● What the task asks
For this listing, reproduce the line with "Conjunto Sofás de", the line with "5 марок 1934", and the lines between, exactly as they stand. Leave out pictures and all other lines.

● Exercise materials

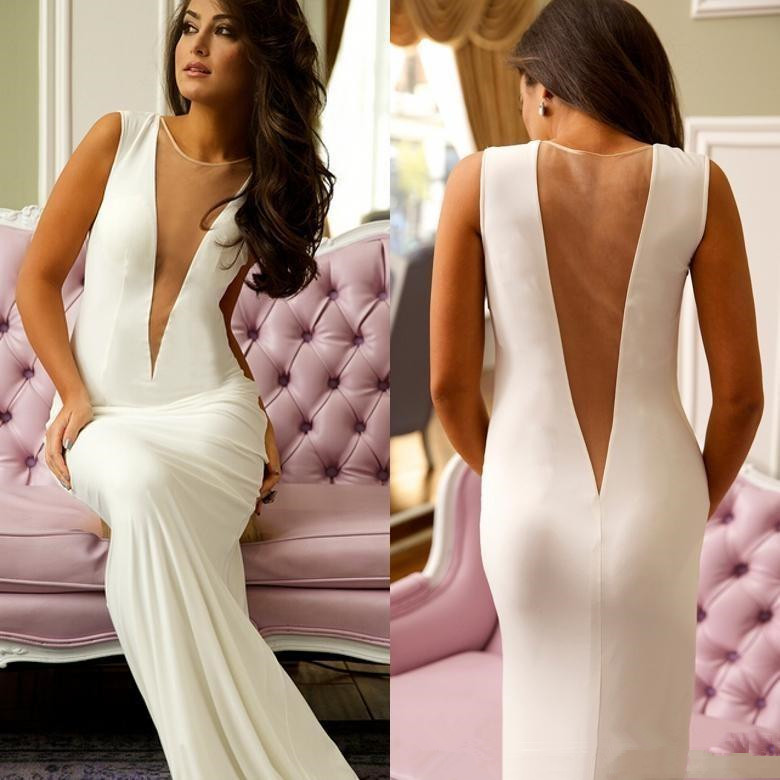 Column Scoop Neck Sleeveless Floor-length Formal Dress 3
==
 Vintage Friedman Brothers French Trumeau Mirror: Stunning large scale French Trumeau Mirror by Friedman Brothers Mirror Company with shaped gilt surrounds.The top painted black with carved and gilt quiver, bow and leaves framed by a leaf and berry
==
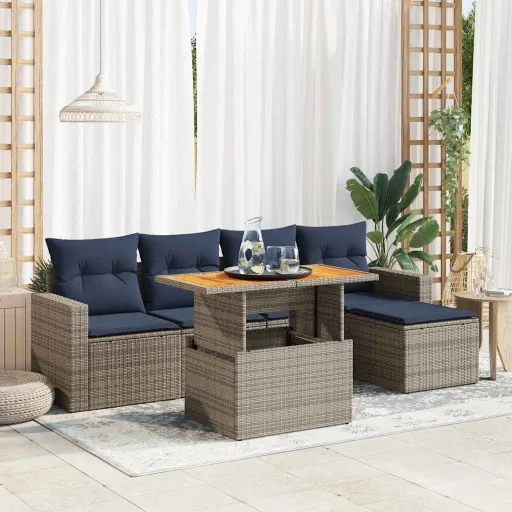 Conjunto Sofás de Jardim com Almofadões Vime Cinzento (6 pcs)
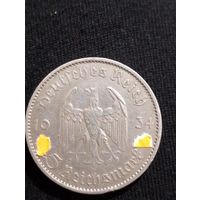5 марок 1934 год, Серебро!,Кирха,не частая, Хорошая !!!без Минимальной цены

● Result
 Conjunto Sofás de Jardim com Almofadões Vime Cinzento (6 pcs)
5 марок 1934 год, Серебро!,Кирха,не частая, Хорошая !!!без Минимальной цены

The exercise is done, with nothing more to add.